Here's the thing about Matt Cain: I really, really want him to be good. Like, desperately want. I have a list of article ideas, and "What's wrong with Cain" has been on it for weeks, just sitting there between "An oral history of the time Livan Hernandez went 12 for 13 over a four-game stretch" and "Rewriting Talkin' Baseball to be about farts."  And I can't write it. I don't want to, and I won't, and I can't.

For a long, long time, the Giants were absolutely miserable at developing prospects. It's hard to think back to those days now, when the farm system is mass producing middle infielders off an assembly line, but back in the day, Matt Cain was the first glimmer of prospect hope in a tunnel of Fopperts and Valderrami. That's a literal tunnel, FYI. The Giants took their failed prospects and stitched them together in an arc, and then made their new prospects walk under them to understand the price of failure. The tunnel's still there, by the way, and it's making Kyle Crick real nervous right now.

And then Cain came up in 2005 and pitched well, and after an early bump in 2006, pitched well again. Then he was the hardest-luck pitcher on a couple hard-luck teams, he spent years being overshadowed by Tim Lincecum, and by 2010 he was the longest tenured Giant. In 2012, he was the undisputed ace of the staff, was the first Giant to get a win in the All-Star Game since 1981, and he threw a perfect dang game. He didn't give up an earned run in the 2010 playoffs, and started all three playoff clinchers in 2012. This year, he punched Matt Duffy in the balls while at the White House. Matt Cain is a hero, dammit. A hero.
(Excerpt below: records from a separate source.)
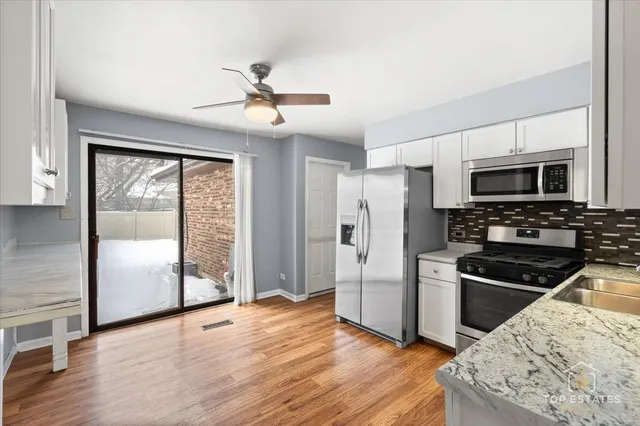 a kitchen with granite countertop a refrigerator and a stove top oven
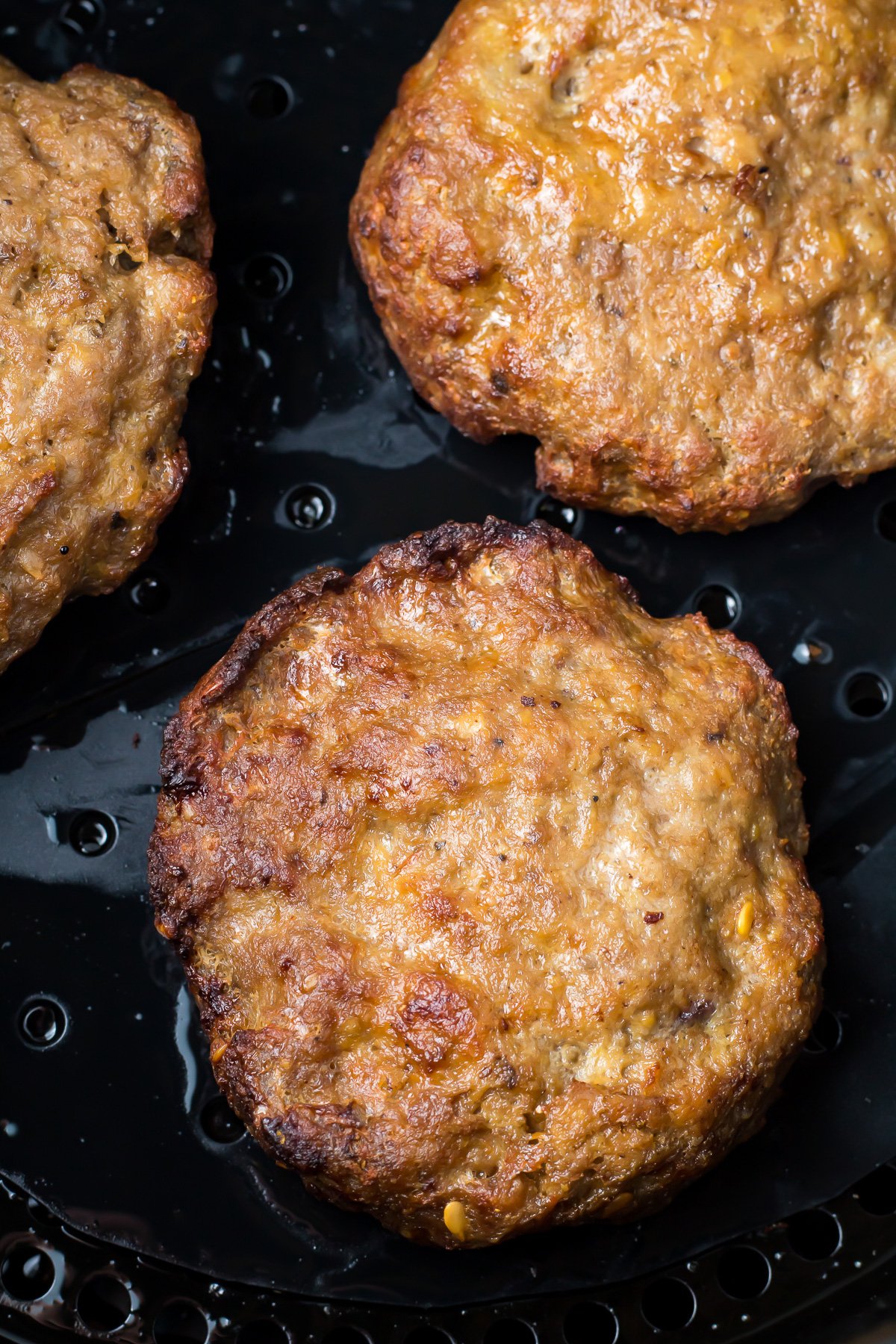 Overhead shot of air fryer hamburgers.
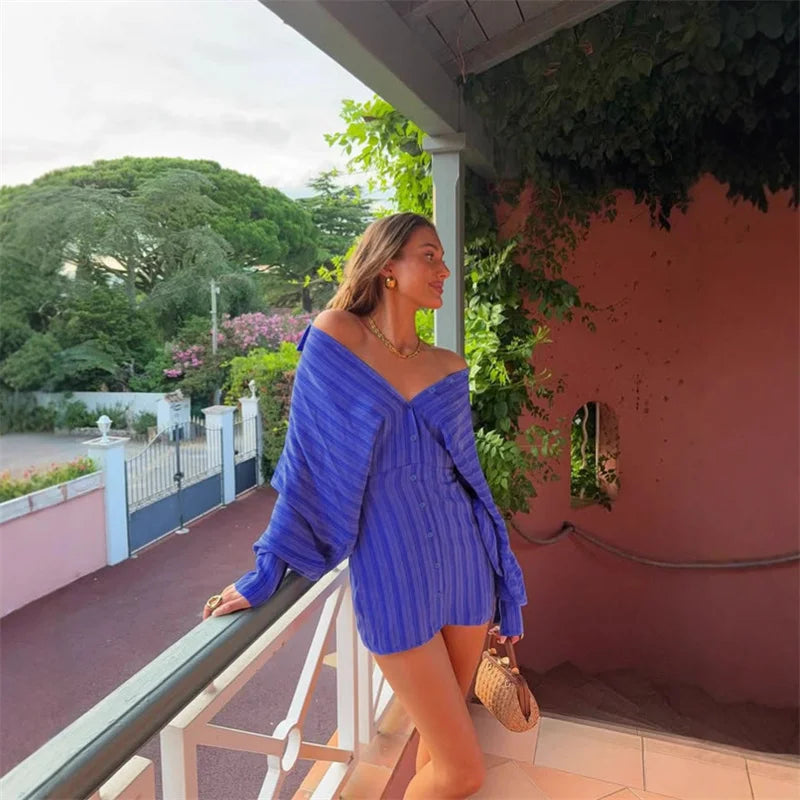 Woman in a blue outfit standing on a balcony with greenery in the background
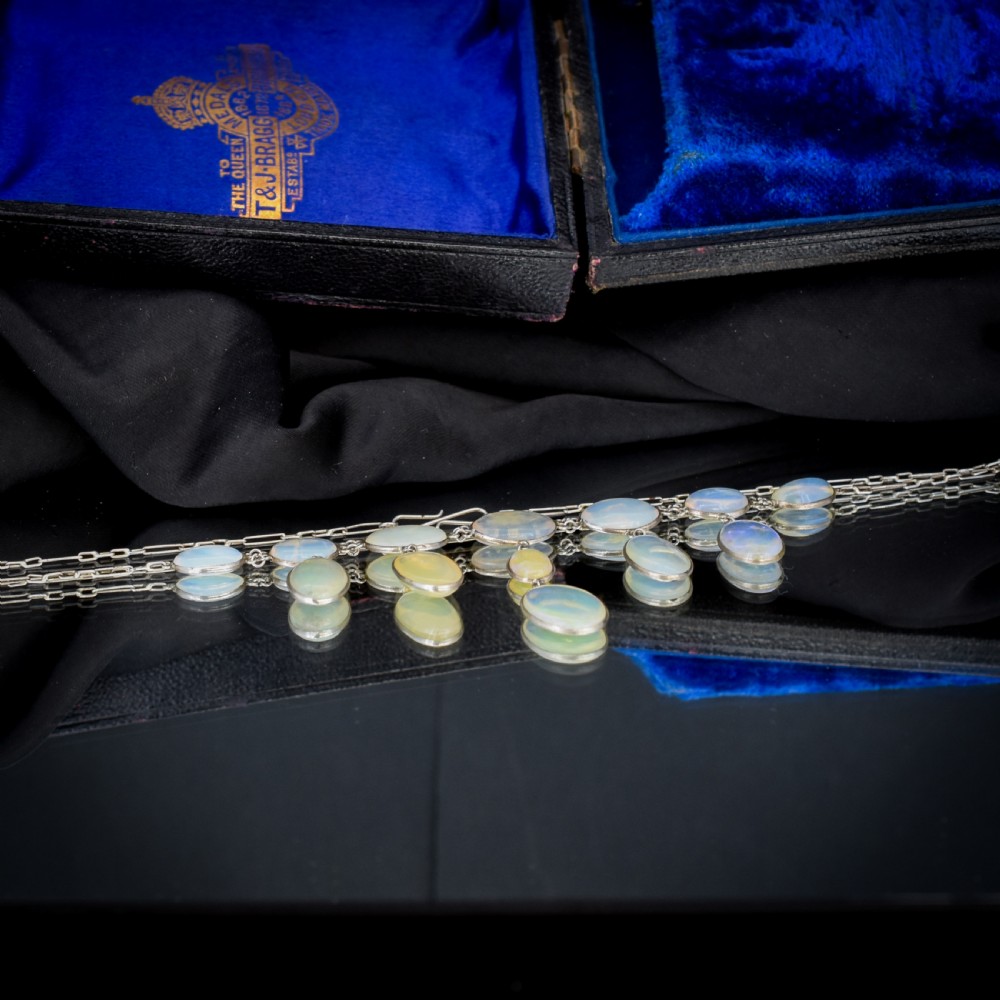 An Edwardian silver festoon necklace featuring graduated oval cabochon opals arranged in hanging fringe drops. View VII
So when Cain has a bad start, and follows it up with another bad start, and then extends the streak to three and then four starts, the negative thoughts start to spiral. What if he's done? We saw it with Lincecum and now we're seeing it with Cain. The surgery was supposed to fix him. I really thought he had several more years. YOU WERE THE CHOSEN ONE, MATT. I should rewatch the prequel trilogy because it can't be as bad as I remember. Just nasty, malignant stuff that no one should ever think.

Here's the thing: I know that Matt Cain deserves my full effort. I desperately want to find reasons to hope that he'll be MATT CAIN again, and not Some Guy. I want to believe he can artificially depress his home run rate again, and flummox hitters again, and find that magic again. I want all of that.

But I went to Brooks Baseball to check on Cain's year, and it just made me depressed. Do you really want to see the chart that says most of his pitches have lost a bunch of vertical movement since 2012? Probably not. Don't click that link unless you want to see the bad news about Matt Cain's year quantified in multiple ways, which you don't. You've seen him pitch. You know.

Advanced stats have never liked Matt Cain. xFIP has always been Doctor Claw, swearing to get him next time, and Matt Cain has always been Sherlock Holmes, wondering who the hell thought the villain from Inspector Gadget could beat him. And now, maybe he's been beaten. Or maybe it's a just-back-from-surgery blip. He's still a work in progress, and when that work is done, he can be something close to his old self. The velocity's fine, the movement's not that much worse, and once he figures out location, everything will fall into place.

This is where I would ordinarily say "Krusty is coming" except I think Grant uses that reference a lot, so instead:

There are a lot of reasons to despair. The one reason to hope is that this is Matt Cain. I want that to be enough. I bet you do too.